What you should do: Could you set down exactly the lines in the records below between the line holding "Panorama der Wüste" and the line holding "Lot 396 - An", inclusive?

Task inputs:
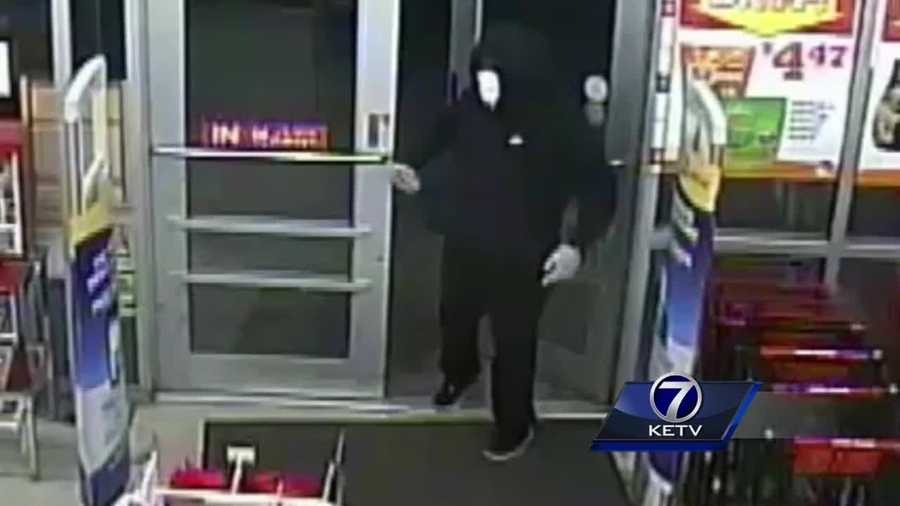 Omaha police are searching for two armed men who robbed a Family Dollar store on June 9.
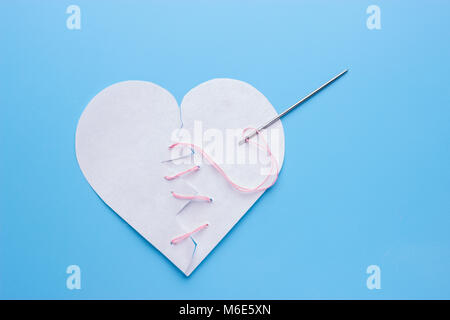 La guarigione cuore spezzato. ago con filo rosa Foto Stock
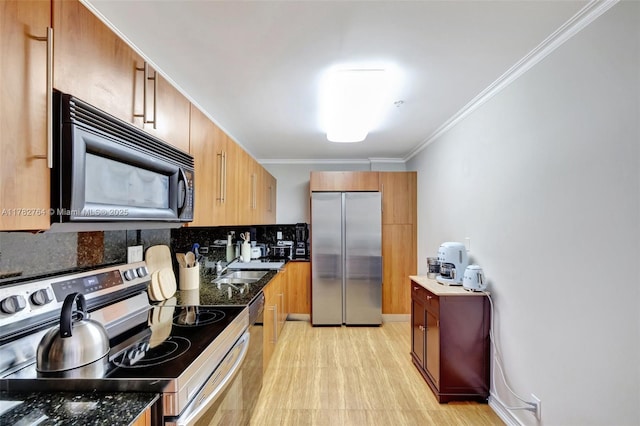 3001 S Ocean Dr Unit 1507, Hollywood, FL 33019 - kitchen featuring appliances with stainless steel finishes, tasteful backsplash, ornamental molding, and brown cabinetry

---

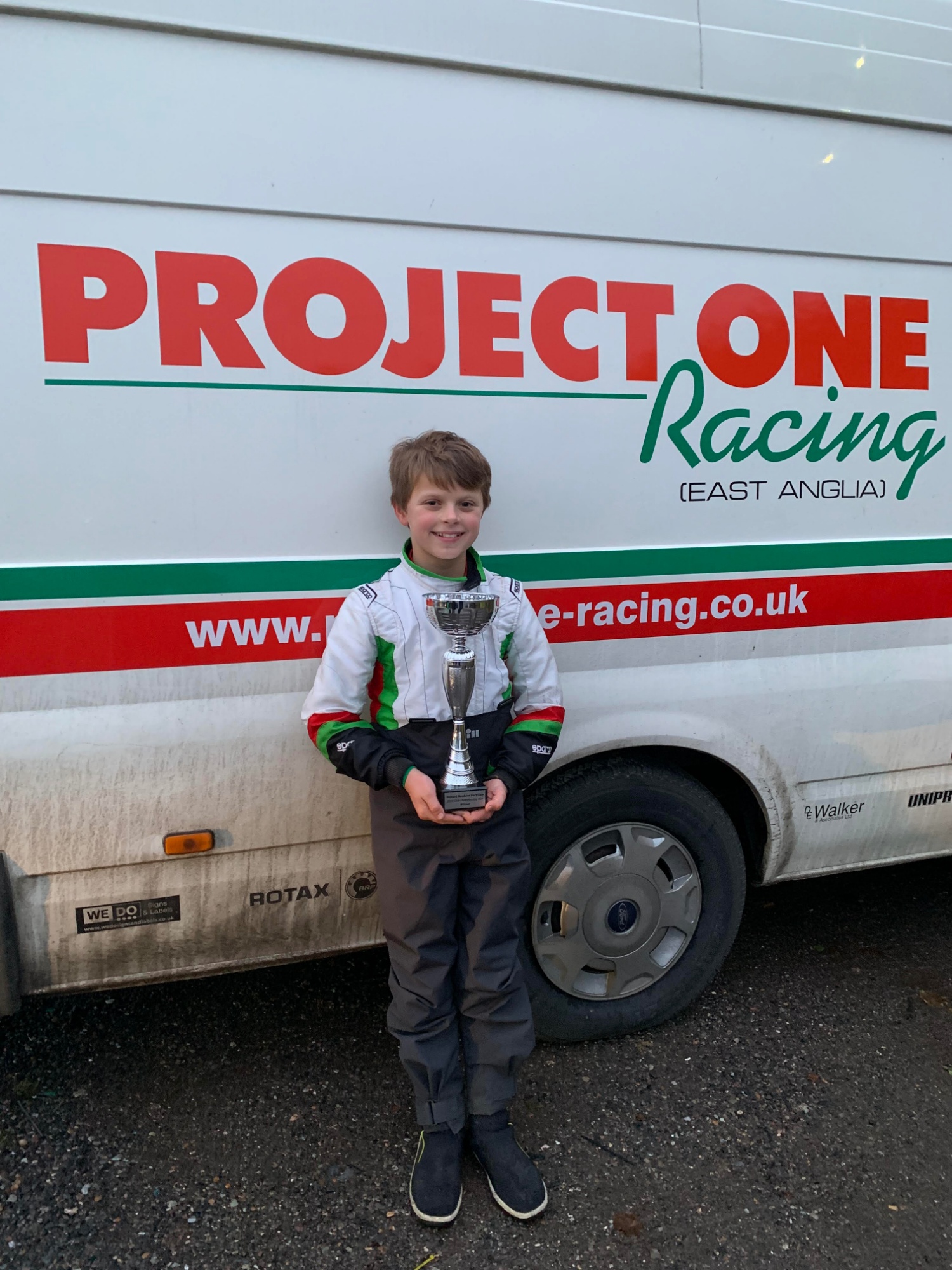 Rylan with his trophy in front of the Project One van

==

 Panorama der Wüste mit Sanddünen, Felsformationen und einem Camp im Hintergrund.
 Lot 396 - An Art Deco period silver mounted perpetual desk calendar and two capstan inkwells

Task solution:
 Panorama der Wüste mit Sanddünen, Felsformationen und einem Camp im Hintergrund.
 Lot 396 - An Art Deco period silver mounted perpetual desk calendar and two capstan inkwells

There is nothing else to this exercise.